Elapsed: 00:00:11.89
SQL>
SQL> -- Histograms on ATTR1 and ATTR2 for representing skew properly
SQL> exec dbms_stats.gather_table_stats(null, 't1', method_opt => 'for all columns size 1 for columns size 254 attr1, attr2')

PL/SQL procedure successfully completed.

Elapsed: 00:00:01.68
SQL>
SQL> -- In addition histograms / extended stats on (ATTR1, ATTR2) for covering both skew and correlation
SQL> exec dbms_stats.gather_table_stats(null, 't1', method_opt => 'for all columns size 1 for columns size 254 attr1, attr2, (attr1, attr2)')

PL/SQL procedure successfully completed.

Elapsed: 00:00:02.75
SQL>
SQL> -- Assuming a query expression TRUNC(ATTR1) = x and TRUNC(ATTR2) = x create a histogram on each expression separately for representing skew properly
SQL> exec dbms_stats.gather_table_stats(null, 't1', method_opt => 'for all columns size 1 for columns size 254 attr1, attr2, (trunc(attr1)), (trunc(attr2))')

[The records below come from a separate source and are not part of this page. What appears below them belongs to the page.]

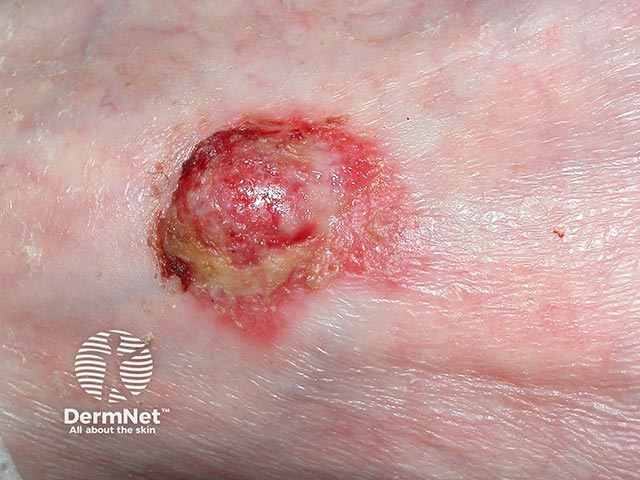 An ulcerated haemorrhagic squamous cell carcinoma on the foot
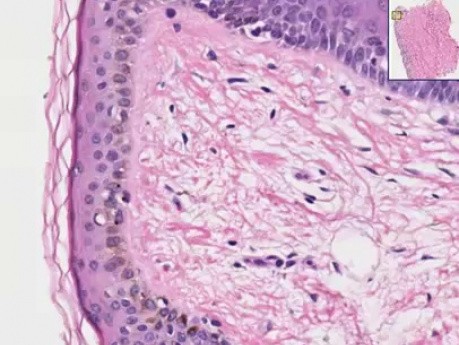 Lentigo - Histopathology of skin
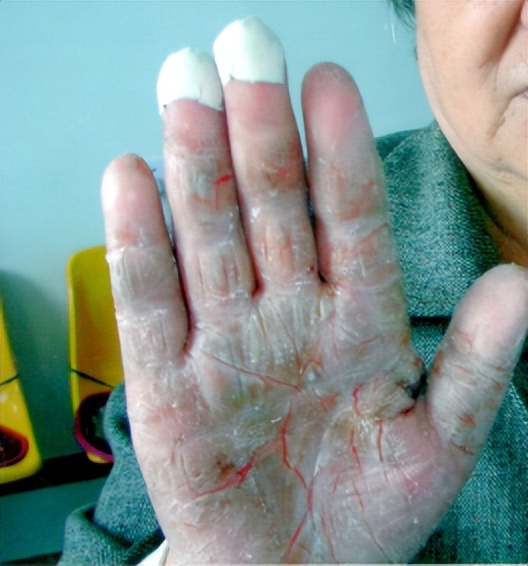 手癣为什么叫鹅掌,手癣鹅掌风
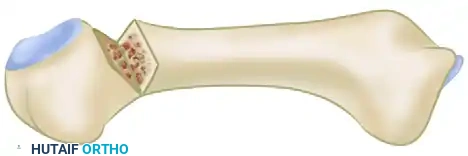 FIGURE 83-53 Dorsal closing wedge osteotomy and crosspinning. SEE TECHNIQUE 83-23.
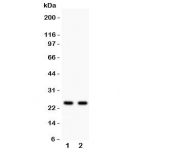 Western blot testing of Rab3A antibody and Lane 1:  rat brain;  2: mouse brain lysate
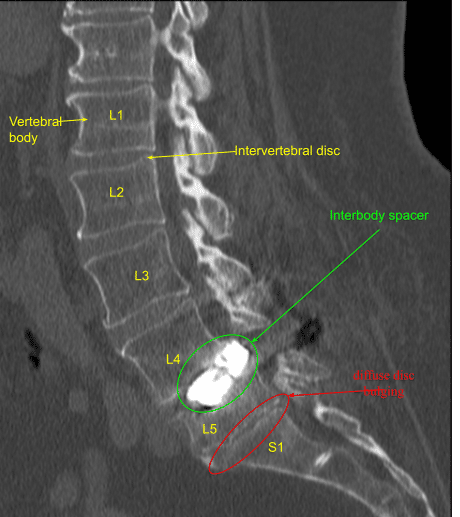 Laminectomy and Fusion sample 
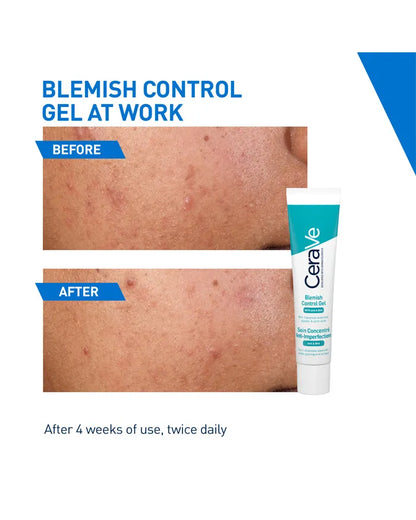 CeraVe Blemish Control Gel with Salicylic Acid & Ceramides (40ml)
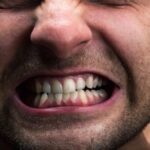 Teeth Grinding Bruxism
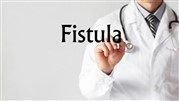 برای درمان فیستول به چه دکتر یا پزشک متخصص باید مراجعه کرد؟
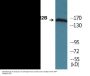 NMDAR2B (Phospho-Ser1303) Colorimetric Cell-Based ELISA Kit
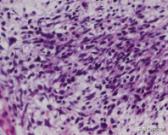 胚胎横纹肌肉瘤是怎么形成的,横纹肌肉瘤转移全身能活多久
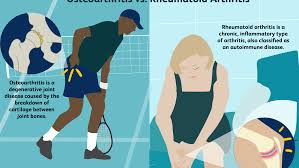 Osteoarthritis Vs Rheumatoid Arthritis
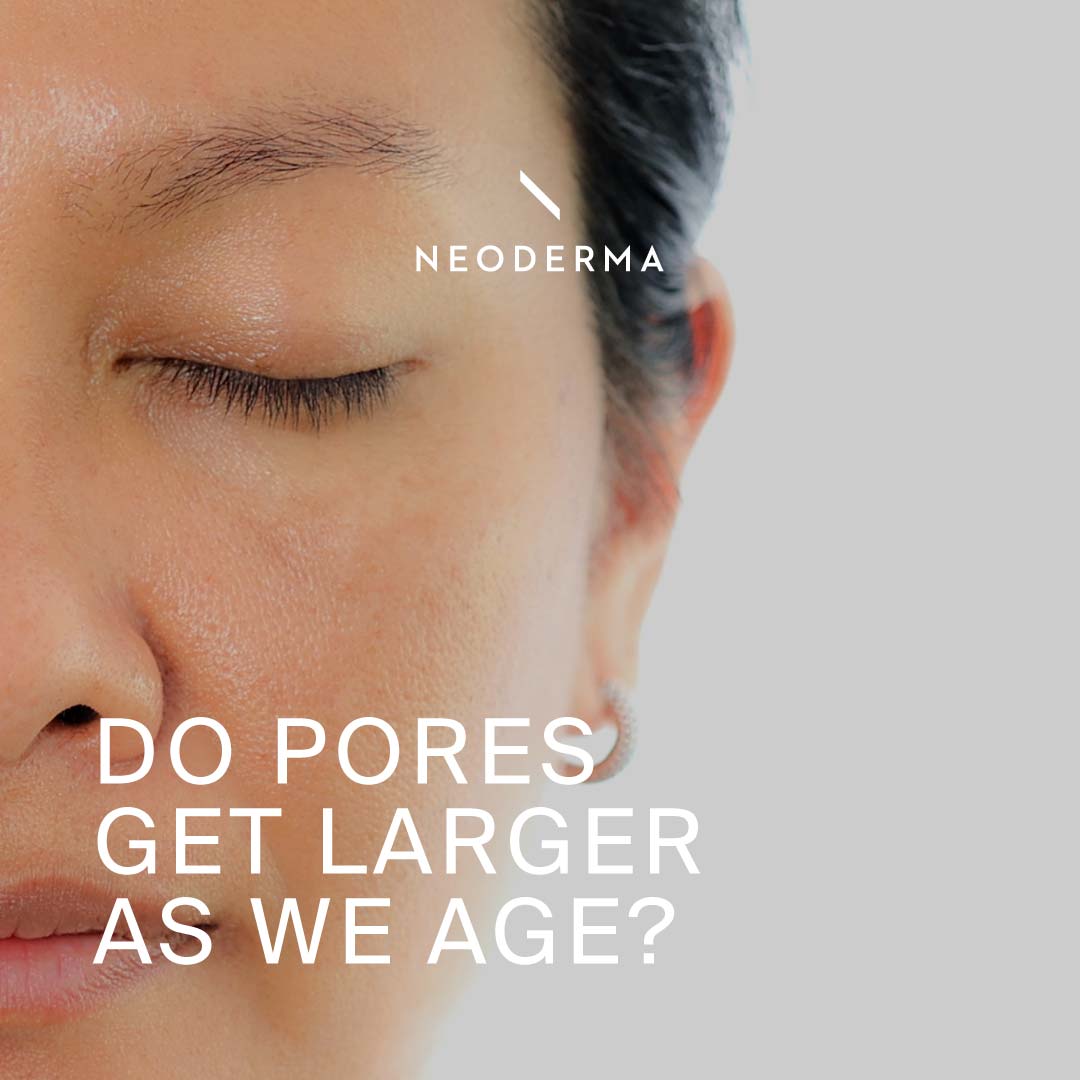 Do Pores Get Larger As We Age?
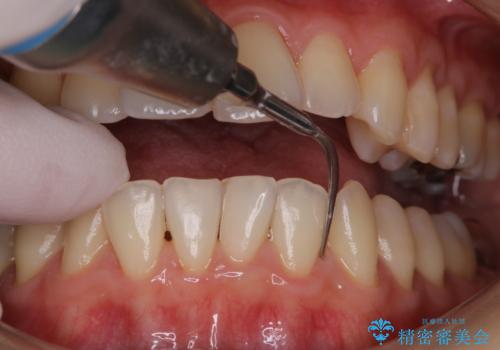 PMTCで定期的なメンテナンスをの治療中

PL/SQL procedure successfully completed.

Elapsed: 00:00:03.43
SQL>
SQL> -- In addition histogram / extended stats on (TRUNC(ATTR1), TRUNC(ATTR2)) for covering both skew and correlation on the expressions
SQL> -- Officially this is isn't allowed and errors out up to and including 12.1.0.2
SQL> -- ORA-20001: Error when processing extension -  missing right parenthesis
SQL> -- Starting with 12.2.0.1 this is successful, but documentation still lists this as restriction, including 19c
SQL> -- But: It's only supported when there is a corresponding virtual column already existing for each expression used - so Oracle can map this expression back to a virtual column
SQL> -- Remove the previous step and it will error out:
SQL> -- ORA-20001: Invalid Extension: Column group can contain only columns seperated by comma
SQL> exec dbms_stats.gather_table_stats(null, 't1', method_opt => 'for all columns size 1 for columns size 254 attr1, attr2, ((trunc(attr1)), (trunc(attr2)))')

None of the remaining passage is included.